Ningún detalle escapaba a Landru, ni siquiera anotar iniciales que discriminaran a viudas ricas y pobres.

El 29 de abril los gendarmes realizaron una búsqueda por la villa Ermitage. Lo que allí descubrieron era digno de una película de terror: doscientos noventa y cinco huesos humanos semicarbonizados, un kilo de cenizas y cuarenta y siete piezas dentales de oro guardadas en un cajón. Además, se encontraron los cadáveres de dos perros que habían sido estrangulados por Landrú y que posteriormente se demostró que pertenecían a una de sus víctimas. También se confirmó que el psicópata había vendido ropas, muebles y enseres de las viudas.

El juicio duró más de dos años, Henry Desiré Landru fue acusado por once asesinatos, los únicos que se pudieron demostrar al haberse visto al inculpado en compañía de sus víctimas antes de que se evaporaran. El resto de los presuntos crímenes no se pudo comprobar, aunque la policía estipulo que los crímenes de Landru estarían entre ciento setenta y nueve y trescientos.

A lo largo del proceso Landru intentó, y en ocasiones consiguió, ganarse a la opinión pública. Su cortesía y refinados modales cautivaron a más de uno. Él siempre se declaró inocente. En los salones de baile se comentaban las incidencias del juicio y se bailaba al son de alegres cancioncillas que hablaban del viejo Barba Azul de París. Landru recibió regalos y no pocas peticiones de matrimonio.

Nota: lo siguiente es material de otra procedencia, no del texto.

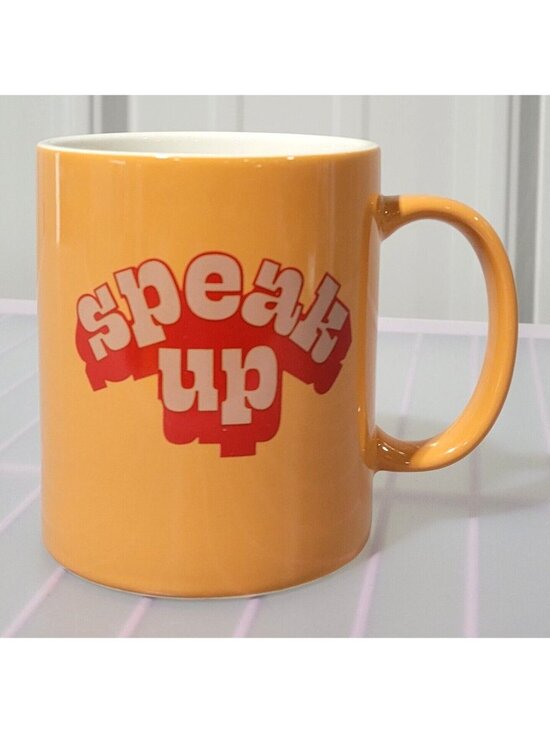 Room Essentials Other - SPEAK UP Coral Orange Coffee Mug Stoneware Retro Print Microwave Safe 15 oz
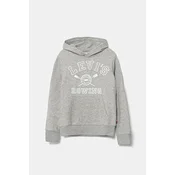 Djecja dukserica Levis VARSITY ROWING HOODIE boja: siva, s kapuljacom, s tiskom, 9EM573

A pesar de tanta fama inmerecida, los jueces no variaron un ápice su conducta y el 30 de noviembre de 1921 Henry Desiré Landru era encontrado culpable por la muerte de once personas y, en consecuencia, según las leyes francesas de la época, condenado a morir en la guillotina. El 25 de febrero de 1922 fue guillotinado en la cárcel de Versalles sin dejar de gritar su inocencia.

Cuarenta y un años más tarde se descubrió por casualidad una carta de Landru en la que se confesaba autor de los crímenes, los peritos calígrafos confirmaron la autenticidad de la misma; uno de los fragmentos decía así: “Los testigos son tontos. Yo lo hice, maté y quemé a esas mujeres en el horno de mi casa”.